Time-Series LIDAR and Camera Fusion with Structured Variational Inference


At a glance

Single-frame-based methods for LIDAR and camera fusion have been widely explored and developed in the last two years with significantly improved accuracy for 3D object detections. However, the multi-frame time-series information in historical data was not well exploited in deep neural networks (DNN) for sensor fusion. In fact, introducing time series has great potential in increasing the accuracy of not only 3D detection, but also tracking and prediction with properly designed association. Moreover, the consistent features from different sensors in multiple frames make it possible to overcome the spatial and temporal mismatch of different sensors in a single frame caused by the errors in calibration and synchronization. Therefore, we propose to introduce time-series data into the camera and LIDAR fusion network. In order to enhance the interpretability of the fusion and incorporate the domain knowledge, we propose a structured variational inference architecture for the combination of the flexible deep learning method and structured Bayesian priors.

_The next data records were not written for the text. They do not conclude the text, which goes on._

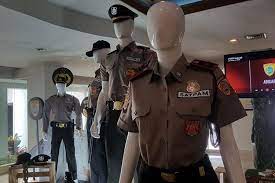 Baju security cewe nama nur : Inilah Seragam Baru Satpam Sama Persis Dengan Seragam Polisi Deskjabar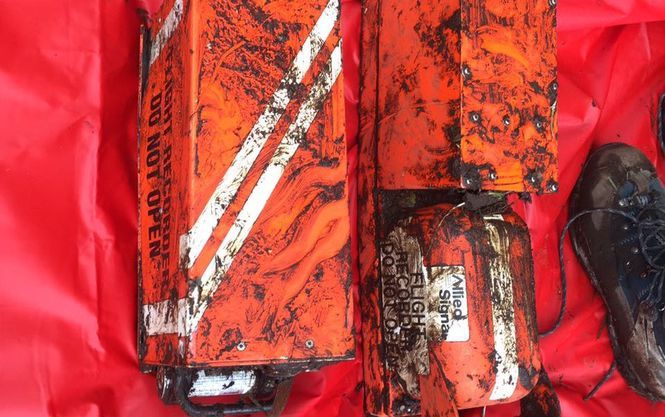 Вдалось знайти "чорні скриньки" літака, що розбився в Колумбії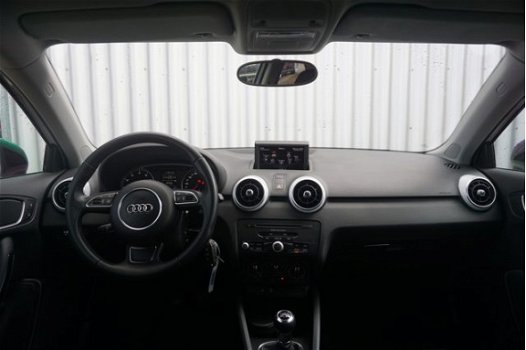 Audi A1 - 1.2 TFSI 86pk Admired + Navigatie + Cruise Control - 1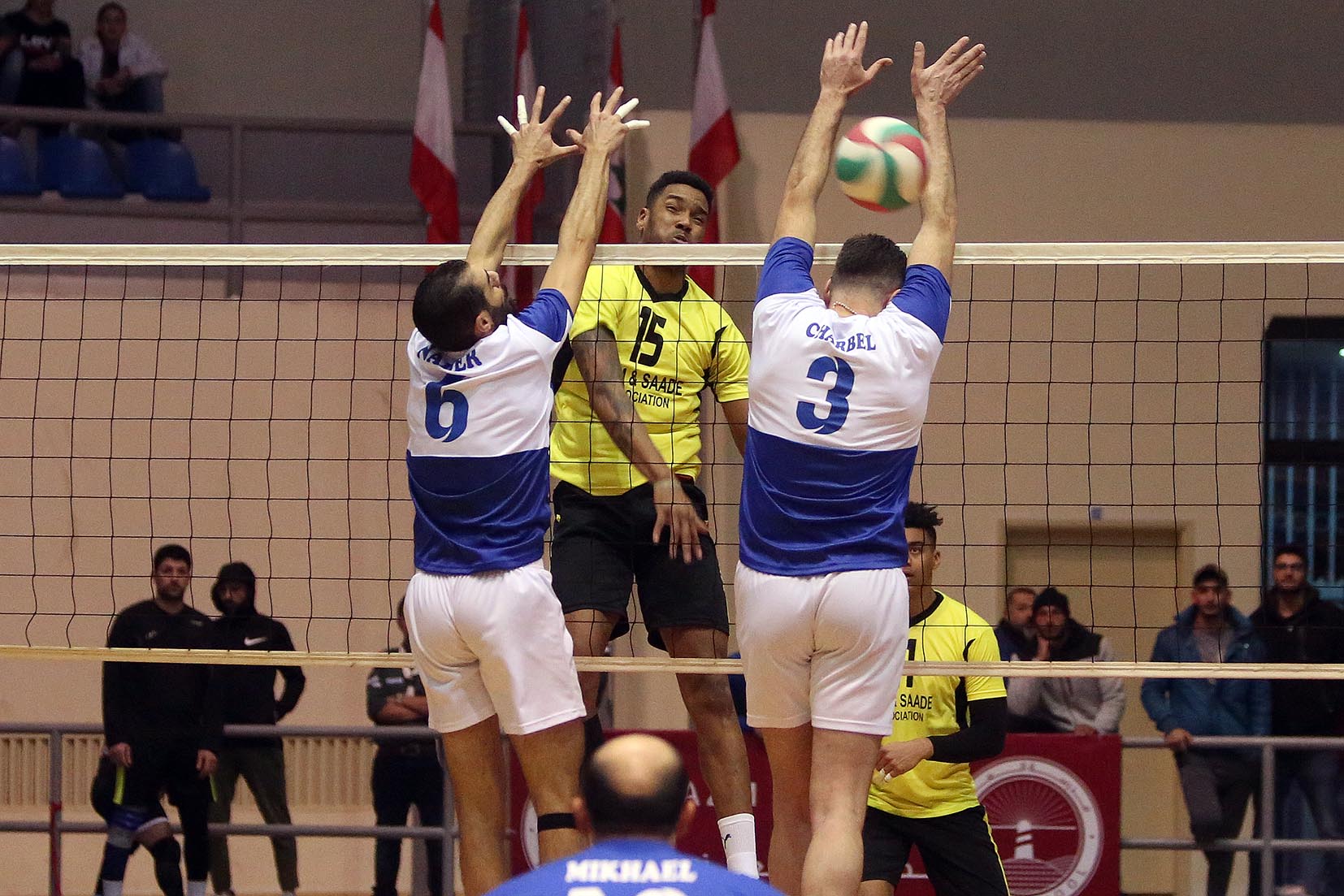 شباب البترون يحلق في الصدارة و"ديربي" المتن لمصلحة الانوار في بطولة لبنان للكرة الطائرة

Challenges and Technical Approach
There are several technical challenges in time-series camera and LIDAR fusion.
(1) Constructing interpretable dynamical structure to the network while keeping the training pipeline end-to-end. Recurrent neural network (RNN) is commonly used to process time-series data. However, the state space of RNN is usually very high-dimensional and the network is not interpretable. The variational autoencoder (VAE) is well-known to be capable of encoding high-dimensional observations to low-dimensional latent variables. Dynamics of low-dimensional states can be propagated through probabilistic graphical models (PGM) to utilize Bayesian priors such as dynamic models and finite state machines. Instead of RNN, the whole architecture becomes an observer with structured low-dimensional dynamics and normal DNN. The training of the whole architecture is addressed by some previous work such as Deep Kalman Filter and structured variational inference algorithms.
(2) Introducing the spatial context information extracted from LIDAR and high-definition (HD) map to the network. For the PGM utilizing Bayesian priors such as dynamic models and finite state machines, separated manifolds for different scenarios need to be constructed from spatial context information. We propose to employ a manual supervision on the context by splitting its behavior into manifolds indexed by the context.
(3) Modeling PGM that is tractable to learn flexible representation in order to deal with various situations. PGM is powerful for building structured representation and efficient inference. However, it often relies on rigid assumptions which makes it not suitable for inferencing in high-dimensional space. Algorithms for PGM such as message passing or junction theories will be investigated to find the most appropriate model that can fully exploit the power of PGM.

Related Prior Work
(1) With the last year’s effort in this project, approaches for 3D object detection based on camera and LIDAR fusion were proposed by our research group. The sparse non-homogeneous pooling layer was developed to efficiently fuse the whole camera and LIDAR feature maps from different views. Various kinds of one-stage detection networks based on YOLO and RetinaNet were designed and tested with simpler structure and faster speed than other fusion-based networks. The 3D localization performance was of the highest tier on KITTI dataset.
(2) A method to handle a traffic-light-passing scenario was designed based on hierarchical reinforcement learning (HRL). Further research introduced a supervision method that splits the behavior into manifolds indexed by the context, while normal training learns a uniform pattern of behavior regardless of different context information.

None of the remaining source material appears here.